Legend has it that the Tree That Owns Itself [wiki], a white oak in Athens, Georgia was given ownership of itself and the surrounding land by Dr. William Henry Jackson in 1820! The original tree had died long ago, but a new tree (Son of The Tree That Owns Itself) was planted at the same location from one of its acorns.

Holy crap. I thought that story was cool the first time I rode around that tree, but I didn't know it was that famous. Funny what you can learn round' here.
posted by jmd82 at 9:08 PM on March 22, 2007

homunculus, linking freerepublic on metafilter makes me laugh.
posted by BrotherCaine at 9:30 PM on March 22, 2007

ah, lovely post homunculus. People who love peepuls, the Bodhi tree. The Great Oak, Sherwood Forest. This huge tree is at least 800 years old. Huge tree roots surround an entrance way at Ta Prohm temple at Angkor, more, more. The tree wrapped around a stone Buddha in Wat Mahathat, Ayutthaya, Thailand. Tree and shrine, India.

posted by nickyskye at 11:02 PM on March 22, 2007

homunculus, linking freerepublic on metafilter makes me laugh.

But what could I do? The New Yorker removed the original article from their website, while Free Republic preserved it on theirs. True conservationsists, those Freepers.
posted by homunculus at 11:53 PM on March 22, 2007

Darius Kinsey photographs of loggers. The great trees that were.
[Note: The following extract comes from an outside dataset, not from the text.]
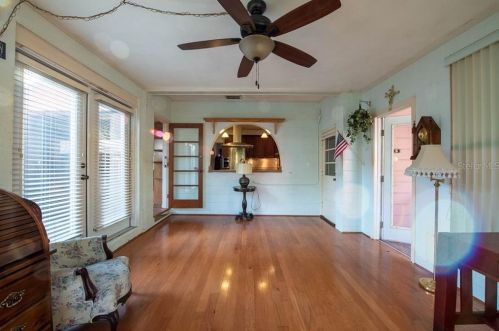 717 Palmer St, Orlando FL  32801-4040 exterior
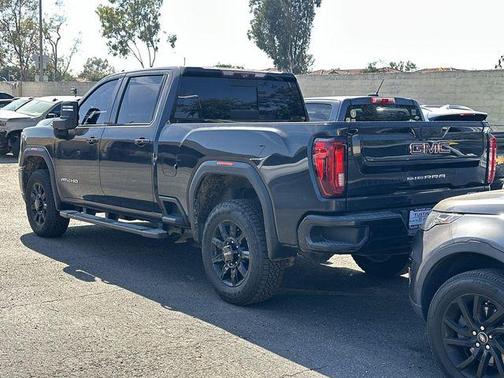 Carbon Black Metallic 2020 GMC Sierra 2500 AT4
Always loved the big, old trees by Maxfield Parrish, Dreaming/October, The Glen, Autumn...
posted by nickyskye at 8:44 AM on March 23, 2007

Capitol Hill is Seattle's best tree neighborhood. There is no disputing that. For diversity and quantity of aged trees, it is easily the top pick. Its architecture is also outstanding, although I don't begin to know whether local architects, if polled, would vote it the finest neighborhood in this respect. Much of the appeal of the Hill is in its stately old shade trees and mansions. Fred Anhalt, who died this month at age 101, was a developer who made a dramatic impact because of his distinctive style. Anhalt's apartment buildings have been termed eclectic Tudor-Gothic, and other names. To casual observers such as myself, untrained in the vocabulary of architecture, the buildings are picturesque, romantic, nostalgic, and --in one word-- comforting. They are rich in soul and perennially popular.
At least one Anhalt apartment complex has an extraordinary tree as well. I refer to the oak of Oak Manor, 730 Belmont Avenue E. Not only is this oak wonderful as an ornamental shade tree, it is furthermore Capitol Hill's only old native oak. Seattle (indeed, all of Washington and British Columbia) has only one species of oak tree. It is called Garry Oak or Oregon White Oak, Quercus Garryana, its 1839 name honoring Nicholas Garry (1781 - 1856), an officer of the Hudson's Bay Company. To see this oak in abundance, visit Victoria or the Fort Lewis area. In Seattle its occurrence is spotty, most being in the Seward Park vicinity.
Anhalt built Oak Manor in 1928, at which time, he said in 1982, "the tree was about one-half of the size that it is now. How old it would have been then I cannot tell you. The tree has doubled its size in width and also in height since 1928. It has been protected with a fence around it and with no other plants under it. It has received the same care as any other plants and trees planted at that time."

Oak Manor
I seem to recall an article in the Weekly that made the claim that oak sprouted some years before Captain Cook sailed into Puget Sound.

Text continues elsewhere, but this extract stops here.